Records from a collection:
|---|

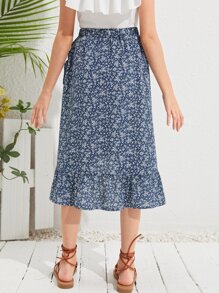 SHEIN Leap Crew 女孩荷葉邊下擺小碎花半身裙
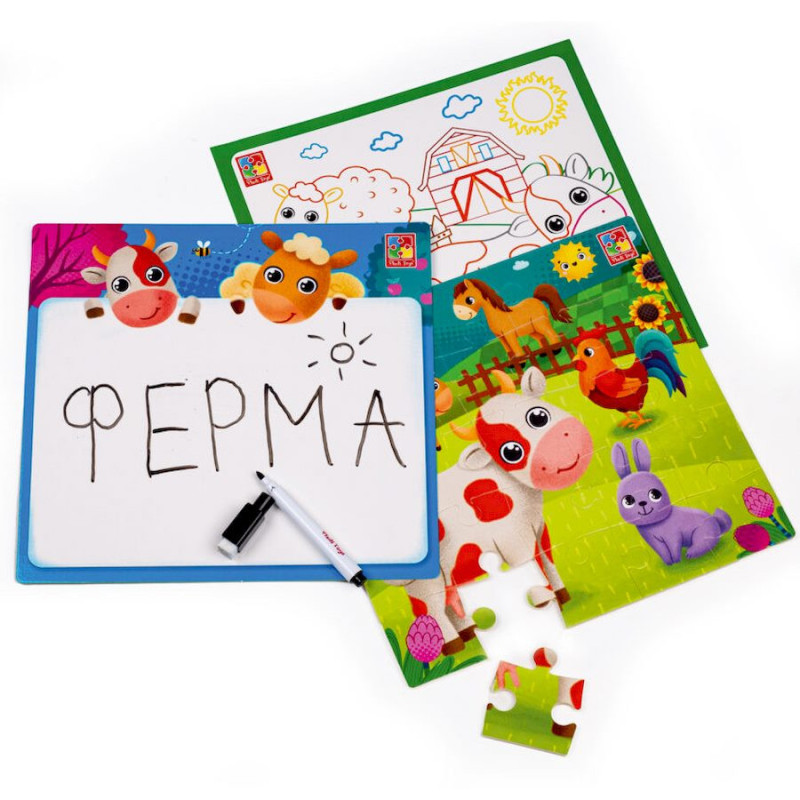 Розвиваючий набір 4 в 1 "Ферма" VT2002-01 пазл, розмальовка. Маркер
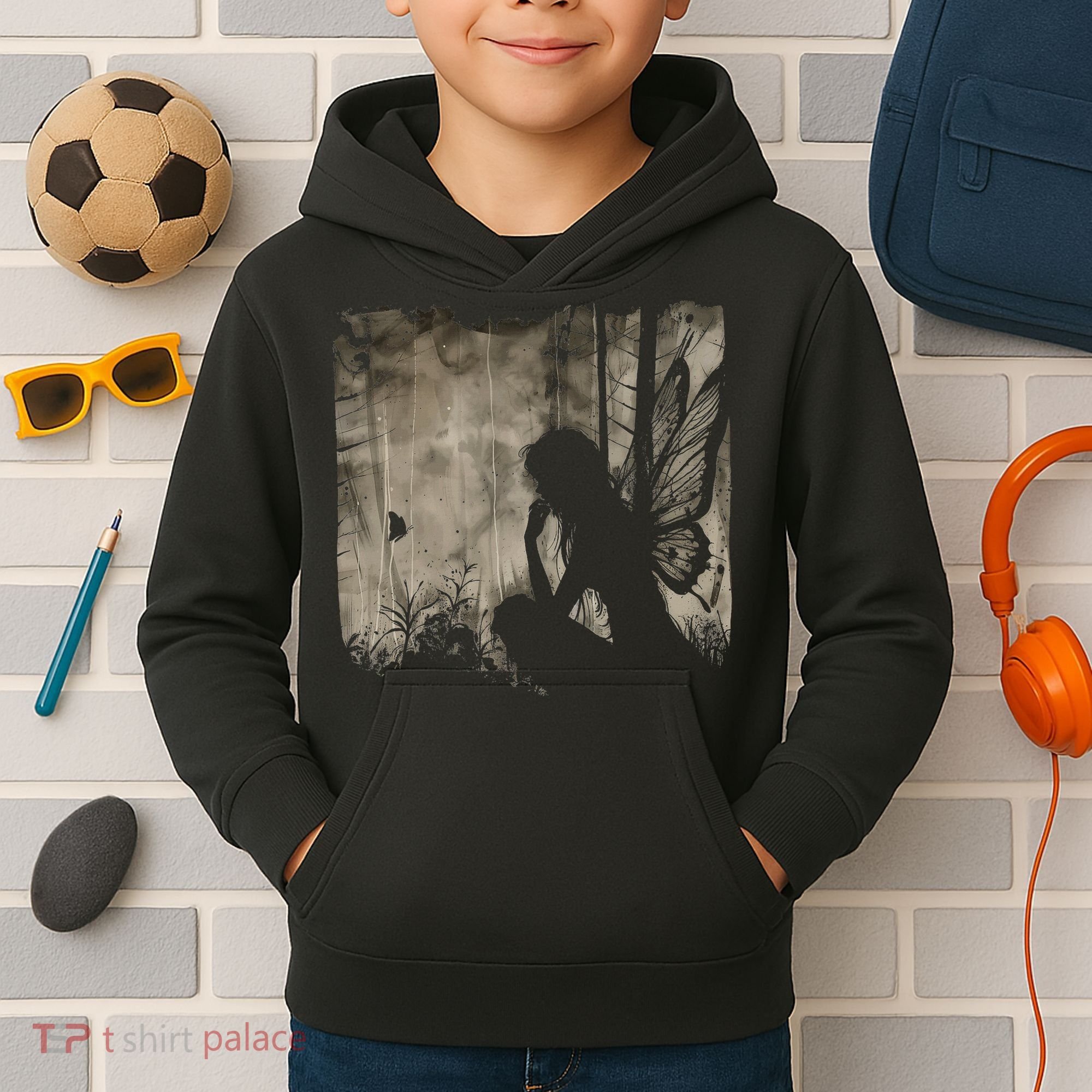 Dark Fairycore Fairy Art Grunge Butterfly Alt Goth Aesthetic Kids Hoodie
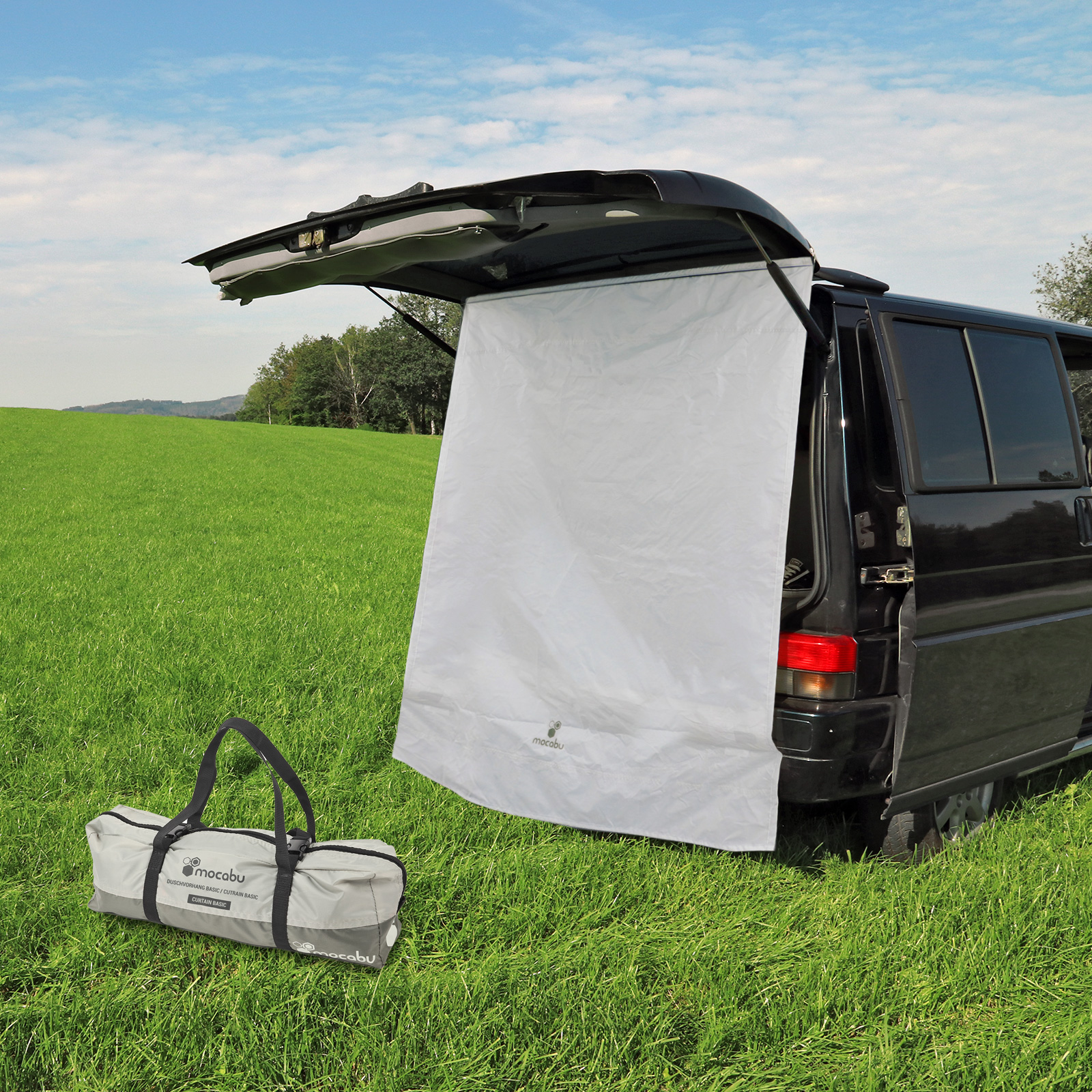 Duschvorhang für Heckzelte - passend für fast alle Campingbusse & Vans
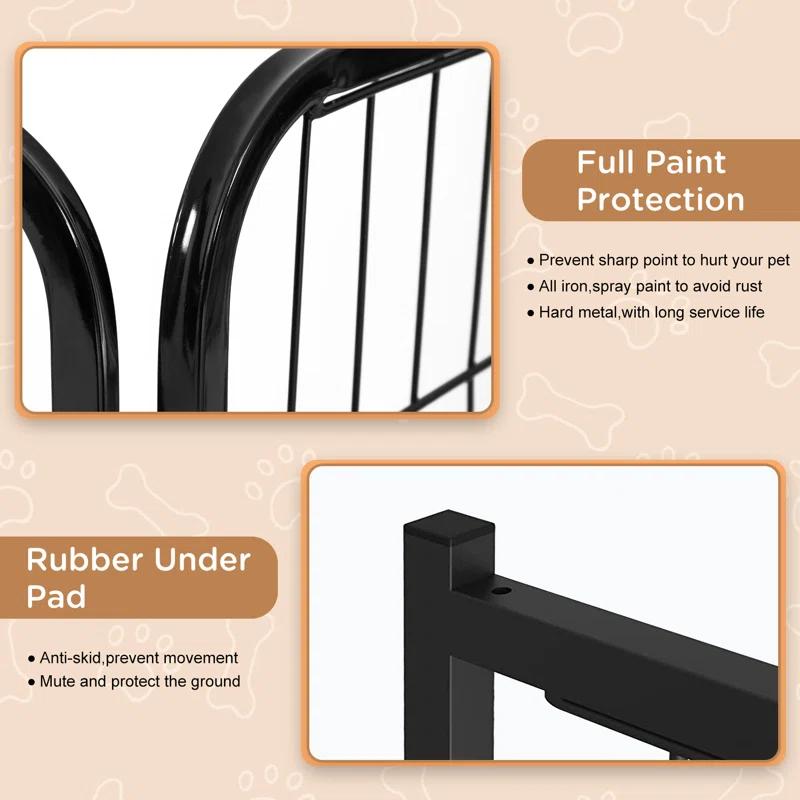 FDW Dog Playpen Indoor 12 Panels Dog Pen For Small And Medium Dogs, Exercise Pen Pet Dog Fence With Doors Pet Puppy Playpen For RV Camping Yard, Black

|---|

The required output is an exact copy of the lines from the one with "Розвиваючий набір 4" through the final line of the data above, with pictures removed.

→ SOLUTION:
 Розвиваючий набір 4 в 1 "Ферма" VT2002-01 пазл, розмальовка. Маркер
 Dark Fairycore Fairy Art Grunge Butterfly Alt Goth Aesthetic Kids Hoodie
 Duschvorhang für Heckzelte - passend für fast alle Campingbusse & Vans
 FDW Dog Playpen Indoor 12 Panels Dog Pen For Small And Medium Dogs, Exercise Pen Pet Dog Fence With Doors Pet Puppy Playpen For RV Camping Yard, Black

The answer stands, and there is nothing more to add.